Long Trail Hiking: Thru-Hikes

If you're an experienced hiker looking for a challenge, thru-hiking the Long Trail might be just the thing! Thru-hiking or end to end hiking refers to hiking long trails from start to finish. It takes about 26 to 30 days to hike the Long Trail's entire 273-mile (439-kilometer) length [source: Green Mountain Club].

Thru-hiking the Long Trail means packing the right gear. Because of the elevation, you'll want to bring cold-weather supplies no matter when you're going. The basics you'll need are: a tent, a sleeping bag that's rated for chilly temperatures, a lightweight backpack, some light rain gear, and light cooking gear [source: Tapon]. Notice the emphasis on "light?" You'll be grateful for every pound you shave from your backpack.
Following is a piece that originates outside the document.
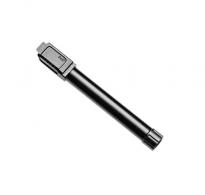 Rosco Manufacturing BL-G17-G5-9MM-M-TB Bloodline 9mm Fits Glock 17 Gen5 5" Stainless Steel - 1289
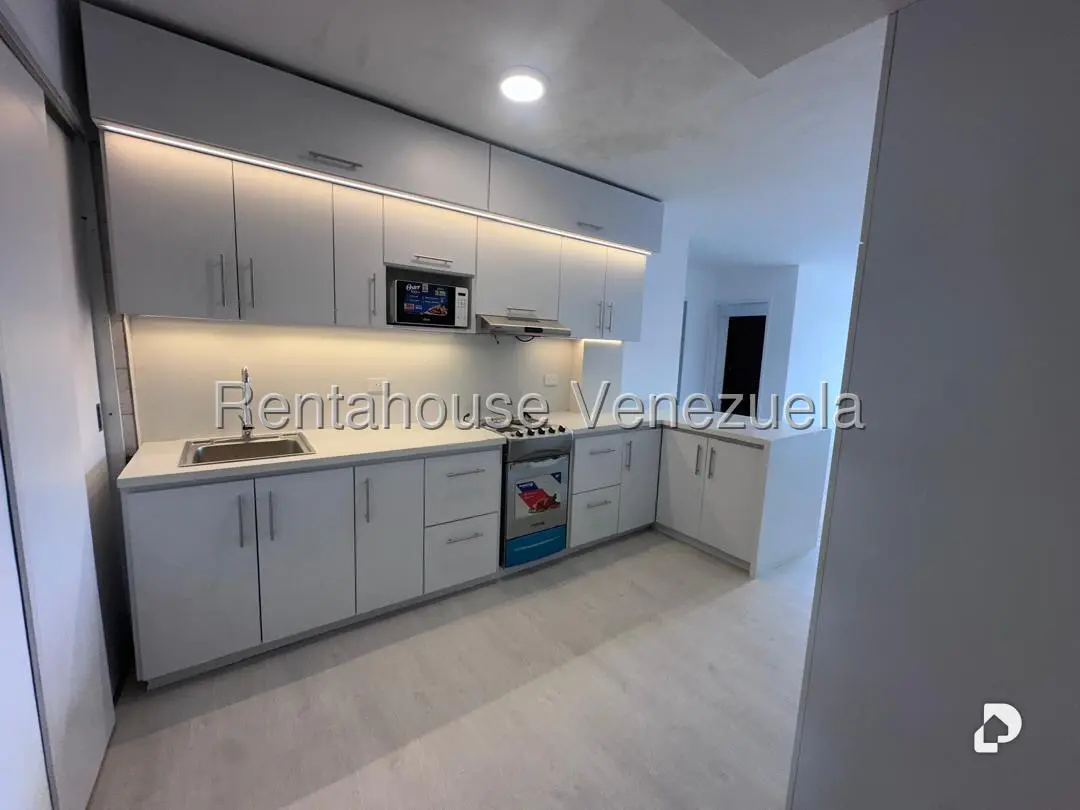 Apartamento en Centro, Caracas – 13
You'll also want to pack a few essentials like a change of socks and underwear and a small first aid kit with bandages for cuts and blisters and disinfectant.

One season that hikers in many other states don't generally have to plan for is what Vermonters lovingly call "mud season." Green Mountain Club asks hikers to avoid high elevations in the early spring through Memorial Day each year, because snow melt causes muddy conditions that are dangerous to hikers and make the alpine tundra portions of the trail fragile. While these severe muddy conditions dissipate after Memorial Day, you need to plan for some soggy, muddy walking no matter what time of year you hit the Long Trail. That means choosing waterproof hiking boots and thick socks to keep your feet warm and dry.

You'll want to pack plenty of food, but also plan some food drops along the way. You can ask friends and family to ship non-perishable food to some of the post offices along the route, or you can break from the trail and hike into town to grab more supplies at one of the points where the trail passes close to civilization.